── Data for this exercise ──

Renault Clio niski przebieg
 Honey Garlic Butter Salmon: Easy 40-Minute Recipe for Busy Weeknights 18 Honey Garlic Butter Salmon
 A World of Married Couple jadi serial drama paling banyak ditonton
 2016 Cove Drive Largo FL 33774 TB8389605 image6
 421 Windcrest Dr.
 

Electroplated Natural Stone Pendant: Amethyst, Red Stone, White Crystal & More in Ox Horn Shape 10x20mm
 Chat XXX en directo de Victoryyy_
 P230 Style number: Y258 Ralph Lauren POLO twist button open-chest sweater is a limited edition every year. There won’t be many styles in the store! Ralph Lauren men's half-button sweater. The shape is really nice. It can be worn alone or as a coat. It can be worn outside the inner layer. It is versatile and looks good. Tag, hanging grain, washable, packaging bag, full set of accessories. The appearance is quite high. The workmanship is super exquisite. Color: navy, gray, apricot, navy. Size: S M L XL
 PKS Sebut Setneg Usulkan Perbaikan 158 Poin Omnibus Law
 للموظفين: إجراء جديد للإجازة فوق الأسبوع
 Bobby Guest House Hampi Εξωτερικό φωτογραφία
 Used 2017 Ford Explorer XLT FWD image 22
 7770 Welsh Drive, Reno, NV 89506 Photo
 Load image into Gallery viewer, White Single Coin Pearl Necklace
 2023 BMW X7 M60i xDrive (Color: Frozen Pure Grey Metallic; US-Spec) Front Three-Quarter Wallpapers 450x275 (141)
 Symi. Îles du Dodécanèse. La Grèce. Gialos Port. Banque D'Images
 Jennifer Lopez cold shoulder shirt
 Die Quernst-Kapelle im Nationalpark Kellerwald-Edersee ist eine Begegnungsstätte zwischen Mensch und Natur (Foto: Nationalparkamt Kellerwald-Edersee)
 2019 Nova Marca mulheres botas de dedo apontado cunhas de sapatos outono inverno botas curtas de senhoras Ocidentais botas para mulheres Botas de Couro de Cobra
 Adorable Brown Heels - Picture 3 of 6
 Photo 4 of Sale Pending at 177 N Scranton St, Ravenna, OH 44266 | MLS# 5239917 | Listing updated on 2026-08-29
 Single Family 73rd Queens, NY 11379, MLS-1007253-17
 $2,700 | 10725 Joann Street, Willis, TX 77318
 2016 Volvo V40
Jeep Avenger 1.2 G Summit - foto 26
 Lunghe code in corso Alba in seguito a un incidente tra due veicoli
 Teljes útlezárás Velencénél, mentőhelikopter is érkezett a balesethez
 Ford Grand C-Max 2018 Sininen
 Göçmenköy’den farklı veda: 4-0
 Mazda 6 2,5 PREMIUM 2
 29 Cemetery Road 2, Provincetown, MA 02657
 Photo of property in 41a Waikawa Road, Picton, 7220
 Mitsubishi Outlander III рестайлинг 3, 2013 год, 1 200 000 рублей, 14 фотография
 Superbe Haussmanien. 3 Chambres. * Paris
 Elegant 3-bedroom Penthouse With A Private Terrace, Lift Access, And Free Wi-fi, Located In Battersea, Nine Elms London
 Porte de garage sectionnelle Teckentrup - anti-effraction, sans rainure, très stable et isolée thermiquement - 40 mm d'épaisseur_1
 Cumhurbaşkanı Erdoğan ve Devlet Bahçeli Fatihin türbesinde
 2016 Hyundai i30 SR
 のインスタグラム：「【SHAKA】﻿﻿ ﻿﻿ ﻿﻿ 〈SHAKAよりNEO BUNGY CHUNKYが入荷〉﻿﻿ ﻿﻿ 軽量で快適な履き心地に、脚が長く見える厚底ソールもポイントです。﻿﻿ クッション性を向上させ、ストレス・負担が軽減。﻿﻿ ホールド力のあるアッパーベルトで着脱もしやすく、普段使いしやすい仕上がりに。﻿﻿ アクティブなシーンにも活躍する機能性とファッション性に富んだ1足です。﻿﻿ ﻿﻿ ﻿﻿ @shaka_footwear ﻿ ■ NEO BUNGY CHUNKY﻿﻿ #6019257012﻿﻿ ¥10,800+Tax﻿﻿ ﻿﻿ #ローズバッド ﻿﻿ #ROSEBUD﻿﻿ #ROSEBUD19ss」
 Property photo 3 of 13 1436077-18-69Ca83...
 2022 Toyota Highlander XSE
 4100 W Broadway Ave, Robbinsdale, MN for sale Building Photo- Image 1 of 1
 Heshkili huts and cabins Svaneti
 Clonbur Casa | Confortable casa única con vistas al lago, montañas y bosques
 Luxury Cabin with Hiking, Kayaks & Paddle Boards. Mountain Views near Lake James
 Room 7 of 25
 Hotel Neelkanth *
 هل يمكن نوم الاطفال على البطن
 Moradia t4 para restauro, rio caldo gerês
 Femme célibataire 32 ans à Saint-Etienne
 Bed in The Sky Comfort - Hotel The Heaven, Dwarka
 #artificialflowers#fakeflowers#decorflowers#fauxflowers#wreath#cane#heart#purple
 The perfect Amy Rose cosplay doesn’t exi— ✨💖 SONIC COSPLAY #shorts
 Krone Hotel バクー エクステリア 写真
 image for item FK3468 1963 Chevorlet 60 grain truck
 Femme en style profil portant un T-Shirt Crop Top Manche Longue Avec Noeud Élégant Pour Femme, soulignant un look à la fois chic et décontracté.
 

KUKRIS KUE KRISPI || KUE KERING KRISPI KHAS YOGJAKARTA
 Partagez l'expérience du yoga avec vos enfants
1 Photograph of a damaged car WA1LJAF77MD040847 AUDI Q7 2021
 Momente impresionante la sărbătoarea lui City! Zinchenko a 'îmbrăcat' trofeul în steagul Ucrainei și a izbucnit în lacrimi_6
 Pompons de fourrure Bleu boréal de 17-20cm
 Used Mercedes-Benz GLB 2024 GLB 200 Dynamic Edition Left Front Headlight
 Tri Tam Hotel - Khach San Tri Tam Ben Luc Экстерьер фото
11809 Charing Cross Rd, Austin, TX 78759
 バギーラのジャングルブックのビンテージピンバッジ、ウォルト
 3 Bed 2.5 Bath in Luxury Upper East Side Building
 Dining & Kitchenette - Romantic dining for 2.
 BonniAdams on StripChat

───

Exercise objective:
Take the entries above and copy out all lines with the string "Ford".

Solution:
 Used 2017 Ford Explorer XLT FWD image 22
 Ford Grand C-Max 2018 Sininen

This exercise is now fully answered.